Construction of another new waste transfer station is underway to the north of Phnom Penh while a 50ha area to the west in Kandal province’s Ang Snuol district is being planned as a new permanent landfill site as part of a strategy to address waste disposal problems in and around the capital.
A Phnom Penh Municipal Hall official who asked not to be named told The Post on February 17 that the latest landfill project was tentatively scheduled to begin operating in the next two years.
“In Phnom Penh, we are preparing a new waste transfer station in the Boeung Ta Mok lake area in addition to the existing station in Dangkor district,” he said, adding that the Dangkor facility would eventually be repurposed from a landfill to a transfer station.
“The latest landfill is planned to be built within the next two years on National Road 51. Construction has not yet begun as the plan is awaiting final approval from the Ministry of Economy and Finance and the Ministry of Environment. It will take two years to complete a standard landfill there,” he said.
Keo Channarith, chairman of the Landfill Management Committee in Dangkor district, told The Post that there have been comprehensive changes to solid waste management policies in the capital.
He said the government’s plan called for the development of two waste transfer stations in conjunction with a permanent landfill site.
“We will have two waste transfer stations and the landfill which the government plans to create. For now, the landfill in Dangkor district is still operating and will be considered as the final destination for the waste for the next two years,” Channarith said.
“During the next two years, the government will prepare infrastructure to change the Dangkor landfill into a waste transfer station. This will be in conjunction with the other new station set to open to the north,” he said.
Channarith said the new planned landfill will receive all waste collected from the capital as well as Kandal province. Additionally, the site will be equipped to handle the processing of recyclable waste.
According to an environment ministry report, more than 10,000 tonnes of waste are created everyday in the country, amounting to nearly four million tonnes per year. Sixty-five per cent of the waste is organic material while 20 per cent is plastic, and the rest is solid and other waste.
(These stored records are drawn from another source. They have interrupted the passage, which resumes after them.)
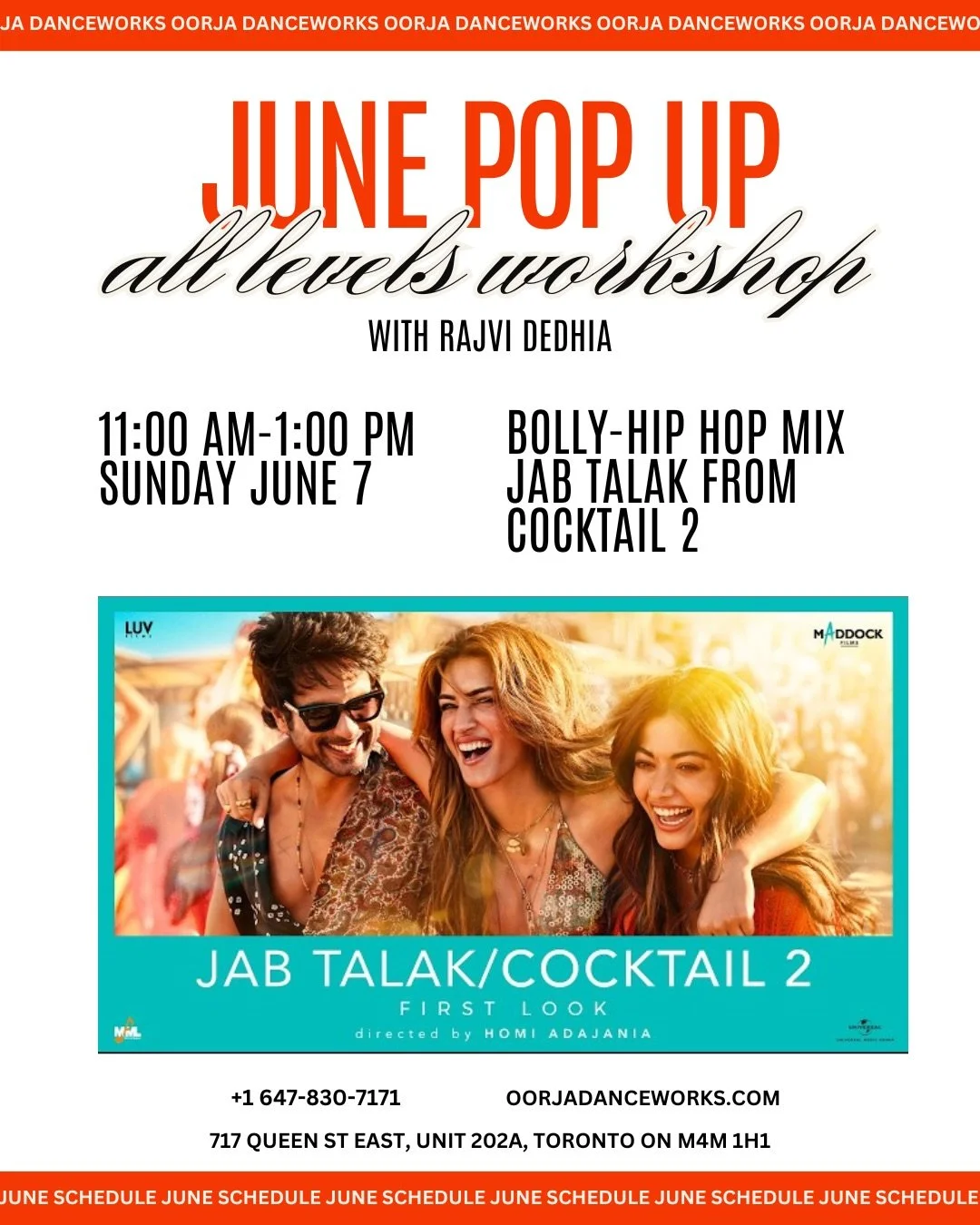 ✨ Get ready to vibe! Join us for our June Pop Up: All Levels Workshop with the amazing @rajvidance ! Learn the Bolly-Hip Hop mix choreography of Jab Talak from Cocktail 2 

📅 Sunday June 7
🕕 11:00 AM&ndash;1:00 PM
📍 717 Queen St East, Unit 202A, T
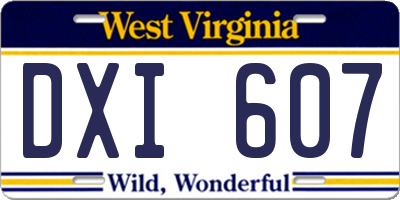 WV license plate DXI607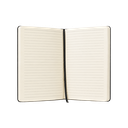 LIBRETA, PAPEL, NEGRO, 14,8 x 21 cm, Ribbed 80 páginas de líneas, 70 gramos 80 con pasta PU, listón y banda elástica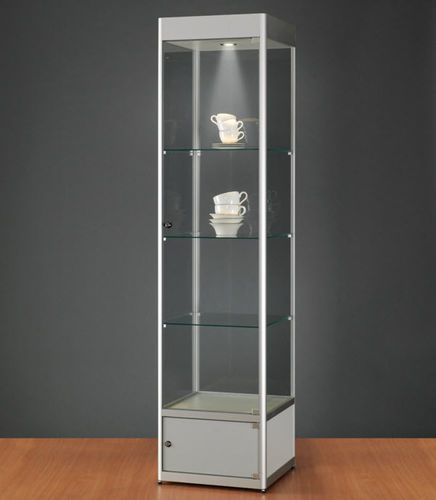 Vitrine contemporaine - 116 500 WITH HEADER & STORAGE - SDB Vitrinebouw BV - en verre / en bois / en aluminium anodisé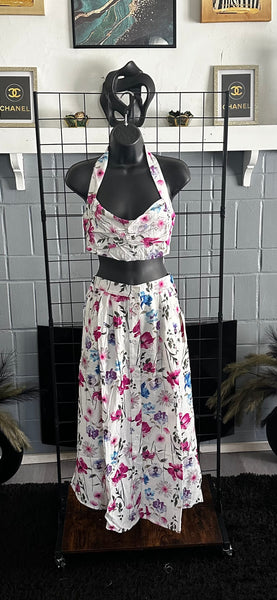 Petals in Paradise Floral Halter Sweetheart Neckline Crop Top Skirt Set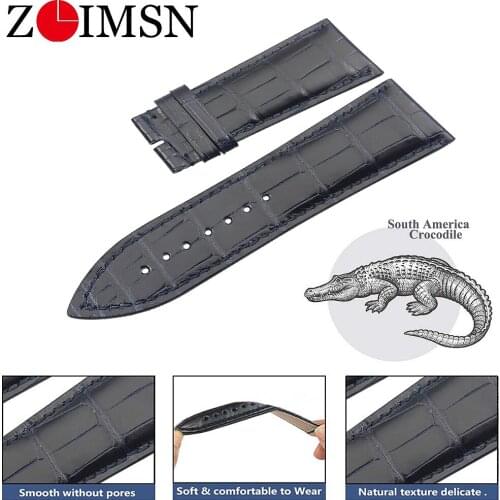 ZLIMSN Original replacement Genuine alligator strap For FRANCK MULLER 10000H Mens and Womens watches Custom Service Watchband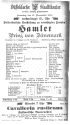 Kopie eines Theaterzettels zu "Hamlet" von William Shakespeare. Aufführung am 13. November 1904 ...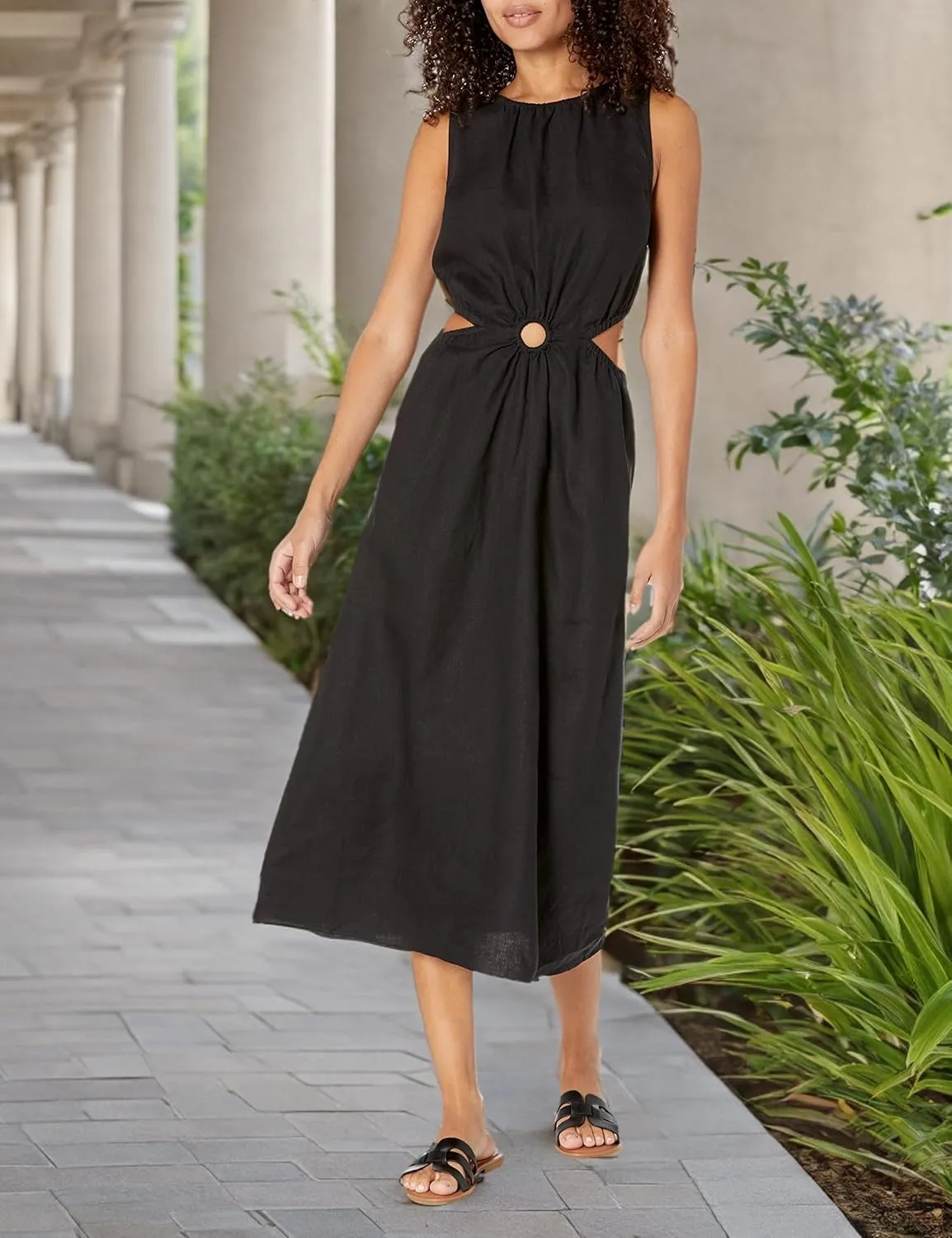 The Drop Women's Sade Linen Cut Out Midi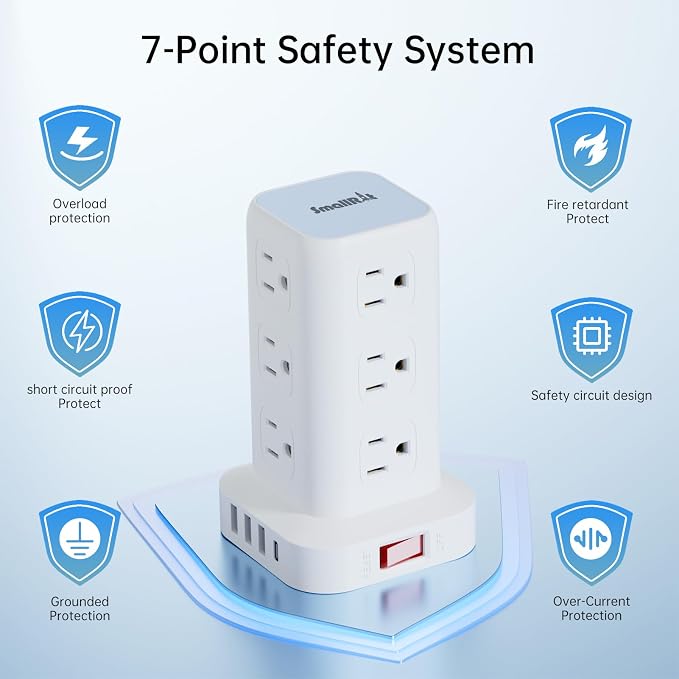 Power Strip with 12 Outlets 4 USB (1 USB C), 10Feet Extension Cord with Multiple Outlets, Charging Station, Power Strip Tower, Home Office Desk Supplies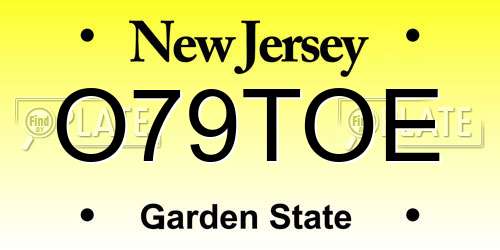 O79TOE New Jersey License Plate
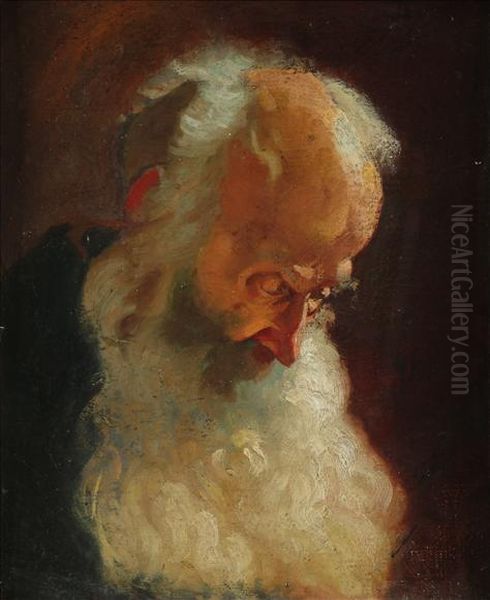 Head Study Of A Bearded Man Oil Painting by Harmenszoon van Rijn Rembrandt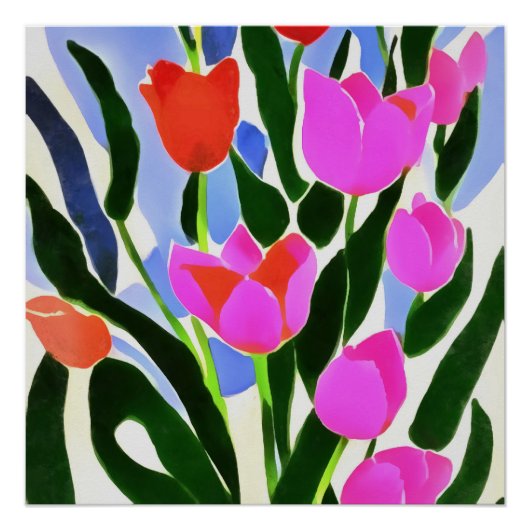 Tulpen in sterke kleuren roze platte kunst perfect poster (Voorkant)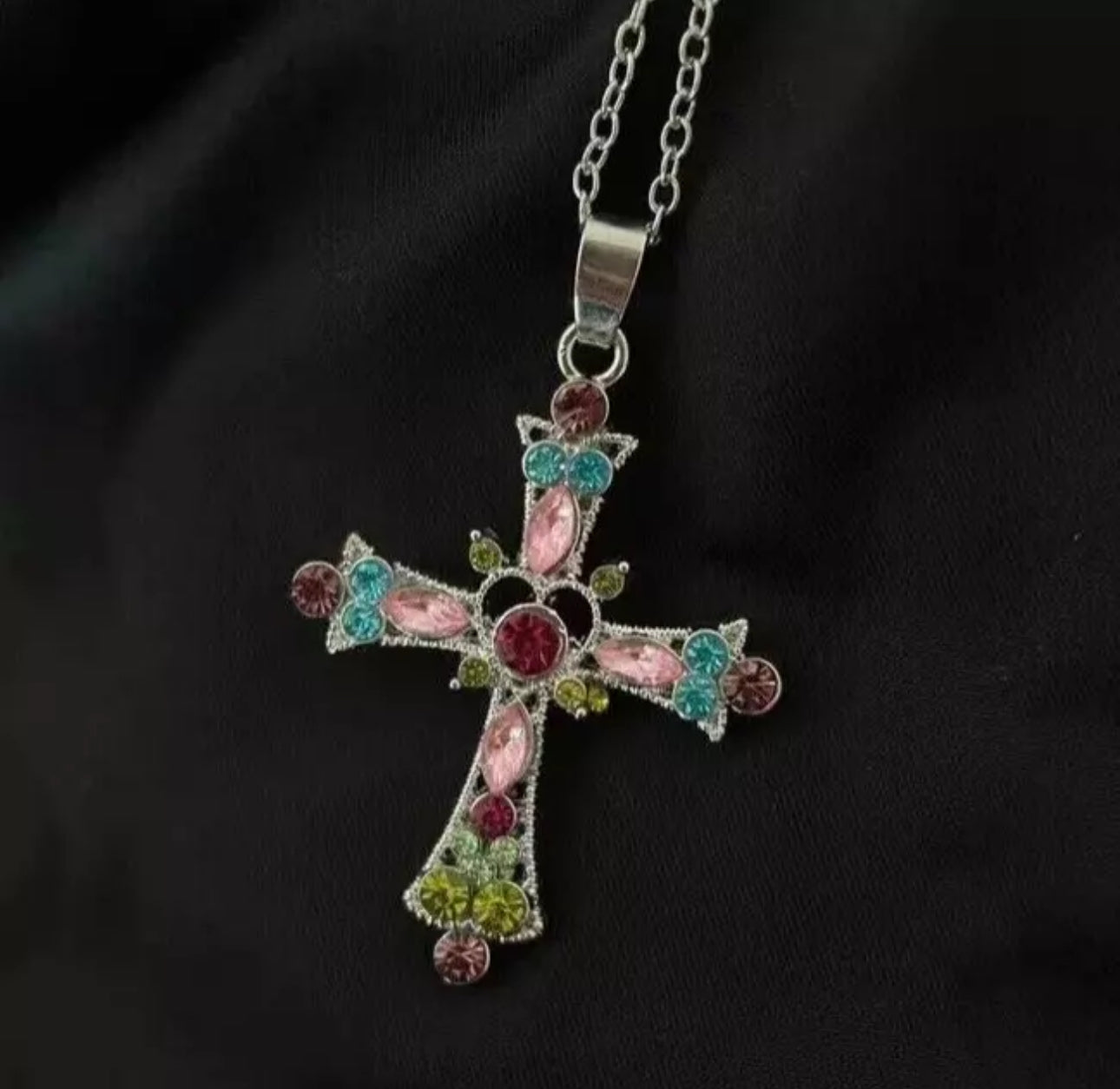 Colourful Crystals Cross Pendant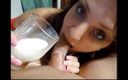 Orgsex: Thổi kèn bởi Nathalie với sữa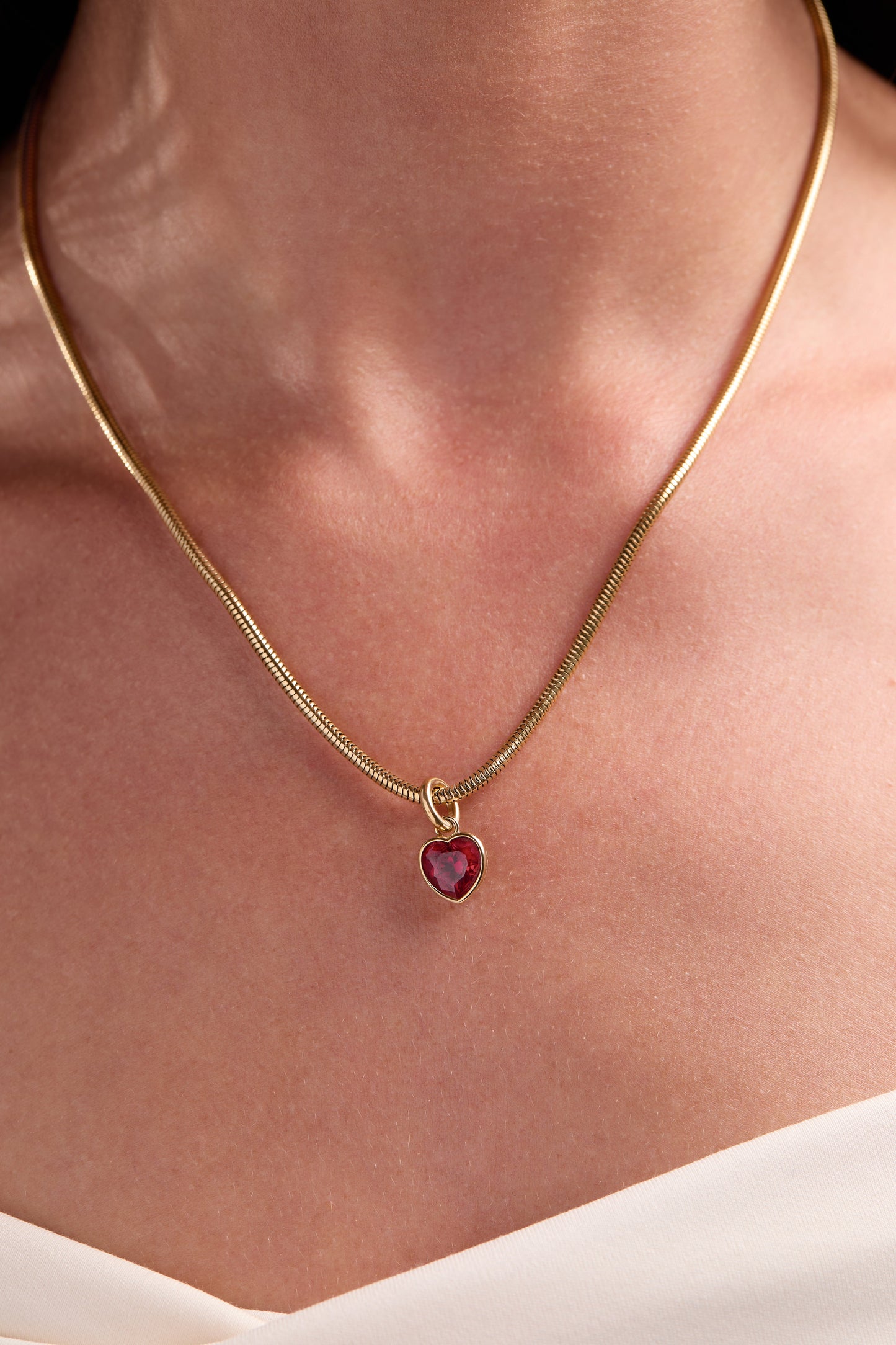 July 'Love' Heart Birthstone Charm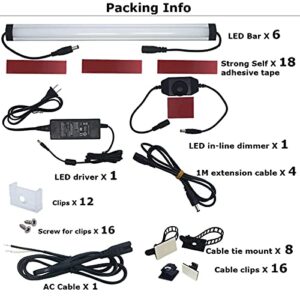 Under Cabinet LED Lighting Kit Plug in or Hardwired, 6 pcs 12 Inches Light Strips, 2000 Lumen, Super Bright, for Kitchen Counter, Closet, Shelf Lights, 31W, Warm White (6 Bars)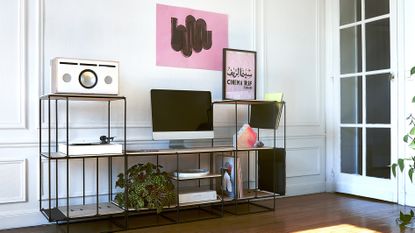 shelves with speakers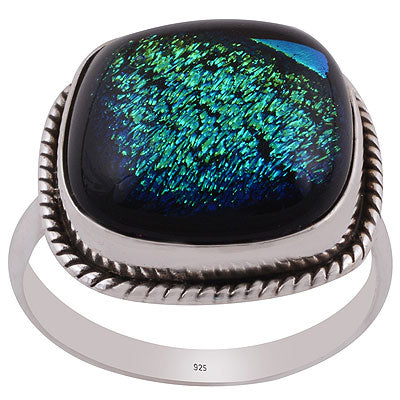 Alluring Twisted wire Around Colorful Gemstone Dichroic Glass Square Shape 925 Sterling Solid Silver Ring - R3402866-101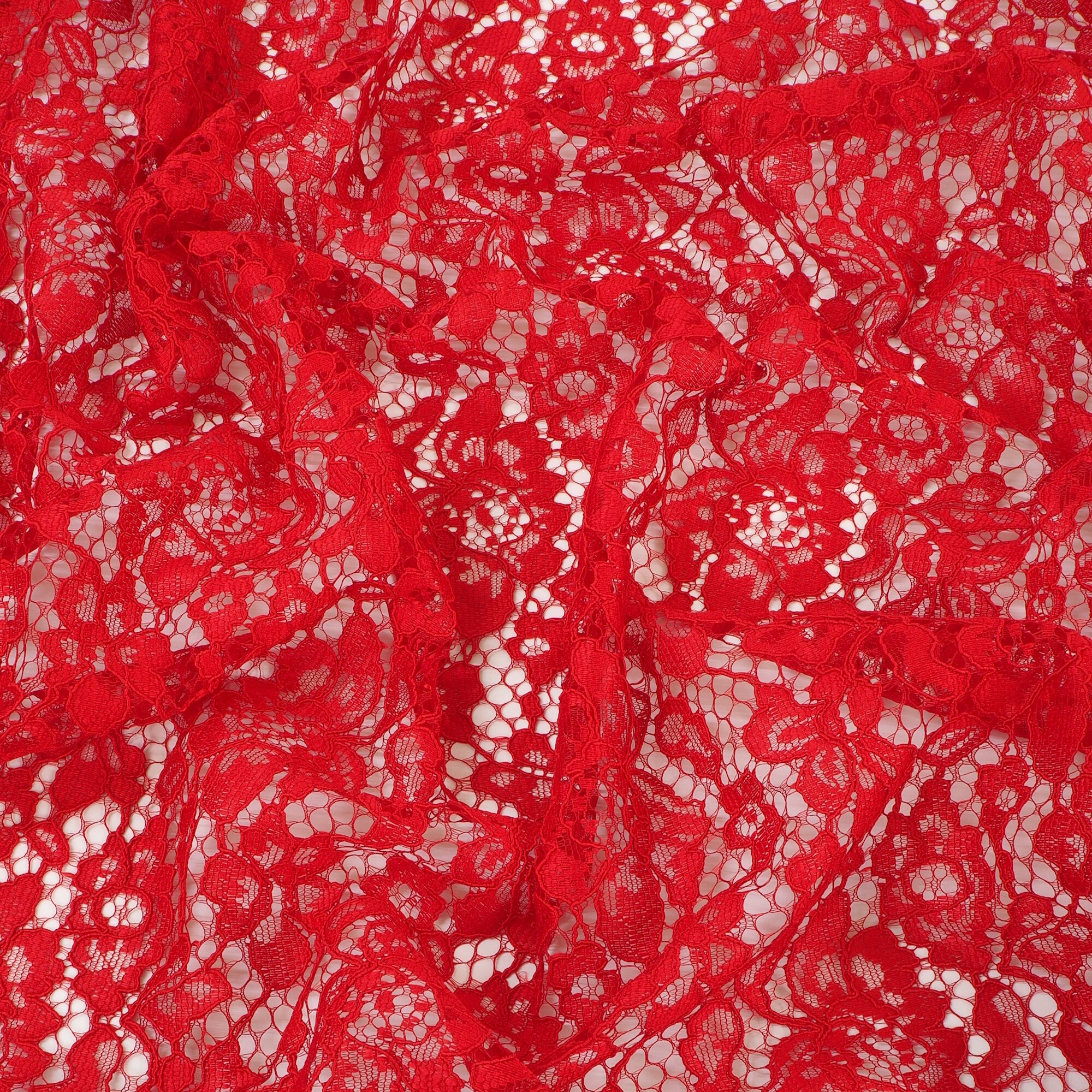 Baumwolle Roter Stoff Günstig Stoff Meterware Spitze Blumen Rot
In Phnom Penh alone, about 3,000 tonnes of waste are generated per day. For the first eight months of 2019, about 660,000 tonnes were collected in Phnom Penh, a pace exceeding 2018’s full-year collections of around 900,000 tonnes.
Affiliated Network for Social Accountability executive director San Chey applauded the project to build more landfill capacity.
Simply having a disposal site for rubbish, however, was not enough. He said the government needs to enforce dumping regulations more strictly to address improper disposal of waste in public places, particularly in canals and sewers.
“Waste disposal is a public mechanism, and authorities must urge waste collection firms to maintain best practices, for example, so that their trucks do not leak waste water and pollute the city with the smell. [Waste collection firm] Cintri used to be guilty of this.
“We need to work together to ensure the effectiveness of the entire system, from waste collection to transport and disposal,” he said.